Since COVID-19 first surfaced in December in China, the disease has spread rapidly around the globe, sickening nearly 100,000 people, killing more than 3,000 and rocking world markets as governments struggle to contain its reach.
In that emerging global health threat, Ellen Peters and colleagues in the School of Journalism and Communication and Department of Psychology saw an opportunity to learn about how people perceive risk around the new coronavirus that causes the COVID-19 illness and how that affects their decision-making, which in turn may help policy-makers better communicate around the crisis.
Peters, director of the school’s Center for Science Communication Research, said most studies examining risk perception either ask people to respond to a hypothetical situation or interview people six months after a crisis, asking them to think back on what they were feeling as it happened.
“In this case, we’re in the middle of it,” she said. “We can watch as this unfolds over time.”
Peters applied for a $187,351 grant from the National Science Foundation, which has recommended her study be funded. It will be several weeks before final, formal approval is granted, but Peters has already begun gathering data, hiring a panel of 1,300 respondents who will answer survey questions five times over the next five months.
The idea is to study how people perceive and react to the crisis, what information they pay attention to, who they trust and who they don’t, and how the crisis affects future plans, choices of preventive and treatment options and support for policy options, Peters said.
“It is in our best interest to know better how to handle these global crises,” she said, “and a lot of it has to do with people’s emotional reactions, because those emotional reactions cause amplification of risk across multiple areas. Part of that is real things are happening — maybe you physically can’t get supplies — but part of it is fear-based.
“Risks can get amplified emotionally and socially. That’s what we’re trying to understand more about.”
Michael Silverstein, a graduate student in psychology who works with Peters, suggested the idea of a study of perceived risk around the new coronavirus on Feb. 6. Peters thought it was a great idea and knew there was an avenue for quickly getting funding for such a study.
Peters, Silverstein and senior research associate Brittany Shoots-Reinhard wrote the proposal and submitted it to the NSF’s Grants for Rapid Response Research program at 5 p.m. Feb. 10. NSF recommended the project be funded the next morning.
Peters started collecting data Feb. 17, hiring a panel of 1,300 respondents through Amazon Mechanical Turk, part of Amazon Web Services in which online workers are paid to do various tasks.
“It was time-critical that we get a baseline before people were too, too concerned about it, because we want to see what happens as things change in the United States and change around the world,” she said.
In addition, Peters and colleagues will analyze media content around the time of their surveys, she said.
She closed the first round of surveys after the Centers for Disease Control and Prevention told Americans to prepare for a COVID-19 outbreak in late February.

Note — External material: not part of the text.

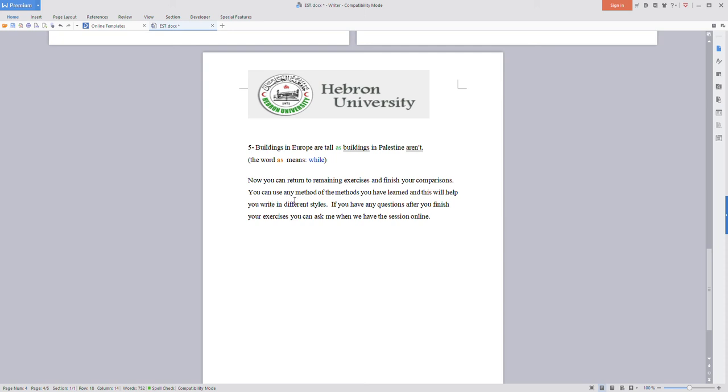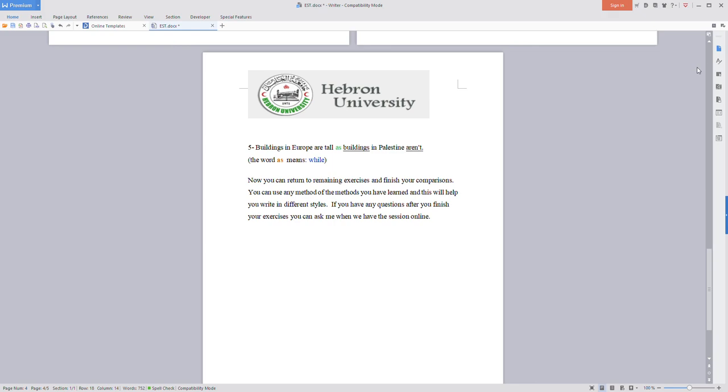You can use any method of the methods you have learned and this will help you write in different styles. If you have any questions after you finish your exercises, you can ask me when we have the session online. Thank you for listening and I hope to see you soon. Thank you very much.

That first round of answers will serve as a baseline for people’s emotional reactions and risk perceptions.
COVID-19 is the name of the illness caused by the new coronavirus, which is known as SARS-CoV-2.
Peters hopes the study will reveal how people’s emotional reactions influence their risk perceptions and the kind of behaviors they would take and what kind of government polices they would support.
“We’re interested in how that plays out over time, side-by-side with how the media is reporting on the coronavirus,” she said. “Part of what we’ll be looking at is, who do people trust will take care of this? And then potentially we’ll think about communication messages that test expert sources of information.”
The results may also provide guidance to policy-makers on the best way to communicate in a global health crisis.
The ultimate goal, she said, is to learn “how do we best communicate with people so they take precautions that will help slow the spread of disease.”